[Data]:
============

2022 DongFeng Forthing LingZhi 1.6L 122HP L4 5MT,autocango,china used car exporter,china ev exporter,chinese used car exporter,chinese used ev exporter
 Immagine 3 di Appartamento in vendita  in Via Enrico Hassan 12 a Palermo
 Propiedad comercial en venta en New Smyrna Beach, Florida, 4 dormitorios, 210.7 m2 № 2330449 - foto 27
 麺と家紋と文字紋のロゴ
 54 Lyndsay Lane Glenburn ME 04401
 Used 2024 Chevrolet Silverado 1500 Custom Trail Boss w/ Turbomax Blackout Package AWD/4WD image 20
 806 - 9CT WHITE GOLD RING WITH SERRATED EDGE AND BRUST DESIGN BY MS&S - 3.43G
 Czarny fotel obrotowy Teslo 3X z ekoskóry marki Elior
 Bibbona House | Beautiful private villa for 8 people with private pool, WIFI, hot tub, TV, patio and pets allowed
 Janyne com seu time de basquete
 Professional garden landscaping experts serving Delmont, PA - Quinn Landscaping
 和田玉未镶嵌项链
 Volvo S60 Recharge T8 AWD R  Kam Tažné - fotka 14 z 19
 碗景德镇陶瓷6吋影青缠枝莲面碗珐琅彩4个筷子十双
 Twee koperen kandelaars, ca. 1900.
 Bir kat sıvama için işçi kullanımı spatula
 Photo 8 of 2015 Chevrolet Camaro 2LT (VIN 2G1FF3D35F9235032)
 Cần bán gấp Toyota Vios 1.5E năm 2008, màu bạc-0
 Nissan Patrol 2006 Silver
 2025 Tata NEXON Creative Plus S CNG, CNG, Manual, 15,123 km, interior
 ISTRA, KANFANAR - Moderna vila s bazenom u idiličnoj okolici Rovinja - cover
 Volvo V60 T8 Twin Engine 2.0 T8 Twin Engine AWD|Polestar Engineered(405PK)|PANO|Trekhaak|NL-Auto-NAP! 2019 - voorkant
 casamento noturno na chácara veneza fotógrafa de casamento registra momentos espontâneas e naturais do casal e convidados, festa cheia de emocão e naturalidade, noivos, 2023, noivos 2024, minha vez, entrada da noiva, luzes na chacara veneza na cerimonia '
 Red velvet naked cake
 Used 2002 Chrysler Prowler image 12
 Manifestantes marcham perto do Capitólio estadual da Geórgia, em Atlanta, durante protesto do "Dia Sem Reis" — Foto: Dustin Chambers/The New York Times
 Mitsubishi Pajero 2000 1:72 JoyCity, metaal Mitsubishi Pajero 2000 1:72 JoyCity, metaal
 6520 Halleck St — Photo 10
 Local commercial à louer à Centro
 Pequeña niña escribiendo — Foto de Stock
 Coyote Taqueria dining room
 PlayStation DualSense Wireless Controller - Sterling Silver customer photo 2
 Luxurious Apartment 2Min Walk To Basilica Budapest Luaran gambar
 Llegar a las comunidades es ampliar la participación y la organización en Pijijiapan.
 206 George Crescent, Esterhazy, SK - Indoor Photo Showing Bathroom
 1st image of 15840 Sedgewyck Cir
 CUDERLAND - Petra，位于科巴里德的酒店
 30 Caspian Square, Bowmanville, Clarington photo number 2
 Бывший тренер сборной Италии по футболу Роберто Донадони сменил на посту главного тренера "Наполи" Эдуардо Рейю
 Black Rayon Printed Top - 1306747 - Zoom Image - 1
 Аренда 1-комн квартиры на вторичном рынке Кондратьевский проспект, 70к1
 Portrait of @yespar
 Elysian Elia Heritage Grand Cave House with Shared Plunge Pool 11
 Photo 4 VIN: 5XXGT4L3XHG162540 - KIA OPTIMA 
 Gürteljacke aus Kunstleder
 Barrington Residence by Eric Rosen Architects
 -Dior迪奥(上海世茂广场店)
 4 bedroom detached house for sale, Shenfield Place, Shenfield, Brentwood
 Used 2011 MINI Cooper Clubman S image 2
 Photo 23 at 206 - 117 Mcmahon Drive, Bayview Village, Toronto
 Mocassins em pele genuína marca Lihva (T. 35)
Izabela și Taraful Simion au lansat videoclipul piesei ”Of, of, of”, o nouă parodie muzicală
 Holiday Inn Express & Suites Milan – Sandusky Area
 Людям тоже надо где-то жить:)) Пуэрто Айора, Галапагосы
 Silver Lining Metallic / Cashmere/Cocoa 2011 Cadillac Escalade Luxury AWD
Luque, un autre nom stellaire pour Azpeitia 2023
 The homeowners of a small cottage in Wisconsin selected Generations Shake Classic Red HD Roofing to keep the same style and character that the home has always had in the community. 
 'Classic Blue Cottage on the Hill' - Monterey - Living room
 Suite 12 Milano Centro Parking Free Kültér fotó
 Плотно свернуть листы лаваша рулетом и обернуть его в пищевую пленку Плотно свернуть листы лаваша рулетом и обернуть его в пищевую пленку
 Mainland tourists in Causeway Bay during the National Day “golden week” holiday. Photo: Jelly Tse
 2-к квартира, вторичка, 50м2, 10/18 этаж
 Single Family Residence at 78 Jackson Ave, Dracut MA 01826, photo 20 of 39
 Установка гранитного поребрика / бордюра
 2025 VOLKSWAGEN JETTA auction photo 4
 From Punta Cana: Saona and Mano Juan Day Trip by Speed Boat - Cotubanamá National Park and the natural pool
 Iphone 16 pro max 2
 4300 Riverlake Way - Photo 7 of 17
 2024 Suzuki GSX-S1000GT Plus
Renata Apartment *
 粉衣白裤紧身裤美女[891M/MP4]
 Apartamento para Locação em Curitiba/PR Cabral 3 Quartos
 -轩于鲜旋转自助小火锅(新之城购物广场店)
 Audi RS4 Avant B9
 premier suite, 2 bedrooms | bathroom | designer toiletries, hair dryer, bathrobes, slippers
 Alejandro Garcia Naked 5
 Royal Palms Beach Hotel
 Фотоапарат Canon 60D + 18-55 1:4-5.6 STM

============

[Problem to solve]:
Which lines should be output? Exactly those from the first line of the data through the line containing "ISTRA, KANFANAR - Moderna", inclusive.

[The answer]:
2022 DongFeng Forthing LingZhi 1.6L 122HP L4 5MT,autocango,china used car exporter,china ev exporter,chinese used car exporter,chinese used ev exporter
 Immagine 3 di Appartamento in vendita  in Via Enrico Hassan 12 a Palermo
 Propiedad comercial en venta en New Smyrna Beach, Florida, 4 dormitorios, 210.7 m2 № 2330449 - foto 27
 麺と家紋と文字紋のロゴ
 54 Lyndsay Lane Glenburn ME 04401
 Used 2024 Chevrolet Silverado 1500 Custom Trail Boss w/ Turbomax Blackout Package AWD/4WD image 20
 806 - 9CT WHITE GOLD RING WITH SERRATED EDGE AND BRUST DESIGN BY MS&S - 3.43G
 Czarny fotel obrotowy Teslo 3X z ekoskóry marki Elior
 Bibbona House | Beautiful private villa for 8 people with private pool, WIFI, hot tub, TV, patio and pets allowed
 Janyne com seu time de basquete
 Professional garden landscaping experts serving Delmont, PA - Quinn Landscaping
 和田玉未镶嵌项链
 Volvo S60 Recharge T8 AWD R  Kam Tažné - fotka 14 z 19
 碗景德镇陶瓷6吋影青缠枝莲面碗珐琅彩4个筷子十双
 Twee koperen kandelaars, ca. 1900.
 Bir kat sıvama için işçi kullanımı spatula
 Photo 8 of 2015 Chevrolet Camaro 2LT (VIN 2G1FF3D35F9235032)
 Cần bán gấp Toyota Vios 1.5E năm 2008, màu bạc-0
 Nissan Patrol 2006 Silver
 2025 Tata NEXON Creative Plus S CNG, CNG, Manual, 15,123 km, interior
 ISTRA, KANFANAR - Moderna vila s bazenom u idiličnoj okolici Rovinja - cover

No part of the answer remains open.